Technology Is Great Until It's Not

Map showing parts of Vermont and New Hampshire: Saxtons River, Bellows Falls, Westminster, Brookline, New Ipswich, Winchendon, Cambridgeport, Athens, Townshend, Newfane, Brattleboro I love technology when it works and/or when I understand it. My first computer was a Tandy from Radio Shack. It came with a 10 meg hard drive. But when I found out I could get the additional 10-meg upgrade, I knew I wanted that. "Ten megs is all you'll need for a lifetime," the salesman told me. "I write a lot," I said. "I want the extra 10; I want 20 megs." He thought I was nuts, but I took it home with, effectively, a 20-meg hard drive. We all know what happened to that figure.

I made some nice maps in CorelDraw for those first "chapters" of the Hudson-Joy epic I printed in the early 1990s. I also produced camera-ready print for the entire project using WordPerfect 5.1. Who knew that I'd produce 14 small booklet-to-book sized pieces and then shelve the project for 15 years? Along the way I stopped using WordPerfect, CorelDraw went through many expensive upgrades that I didn't keep up with until I bought a new program recently, and hard drives tend to crash - more then than now.

Some of the intermediate versions of Corel wouldn't open my old-version maps, some of the old WordPerfect files became corrupted or wouldn't open in Word, and it seems the crashes may have damaged files. When moving, I threw out a number of the printed chapters to save on weight and space, but fortunately I have at least one of each. I thought I had more, but these things happen, especially moving under any kind of duress, as can happen during a divorce (for example).

Well, here I am. It looks like my latest version of Corel (thank you, CorelDraw!) has been made backwardly compatible with the maps. I haven't checked them all, but I think so. I can scan any of the pages I really need to, or just grab the info I want to use and type it.
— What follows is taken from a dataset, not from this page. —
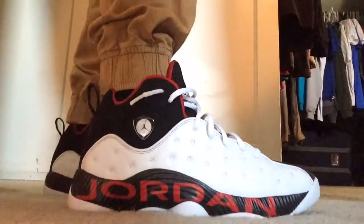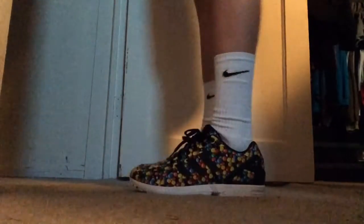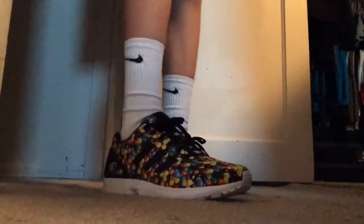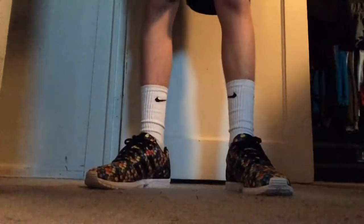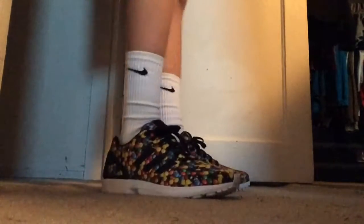On Monday I wore the Adidas ZX Flux in this candy colorway — skittles, M&Ms, whatever you want to call them. I actually filmed this at night, that's why it looks darker. The ZX Flux is a really nice shoe and this colorway is great. I'd definitely recommend getting a pair if you haven't already.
So, I'm regrouping here. I've figured out where I want to start, which is roughly where I left off with a certain amount of picked-up backstory from the old chapters for clarity. The style will be different. It will evolve. I may start in a similar vein, because that's what I know. For this first book, I will start with an interesting chunk out of the lives of one man and one woman, although it's mainly his story. My goals are to keep it fairly simple, keep it interesting, show the reader things they didn't know already, no matter how much history of the place and time they've already read, and to get the basic draft done in about a year. I feel sure I can do the first things on the list. We'll see about that time element. It depends a lot on how things go this year in my business. I've started by dumping segments (the recoverable ones) that I want to edit from into a new Word doc. I'll pare it way down, re-word, and keep on going.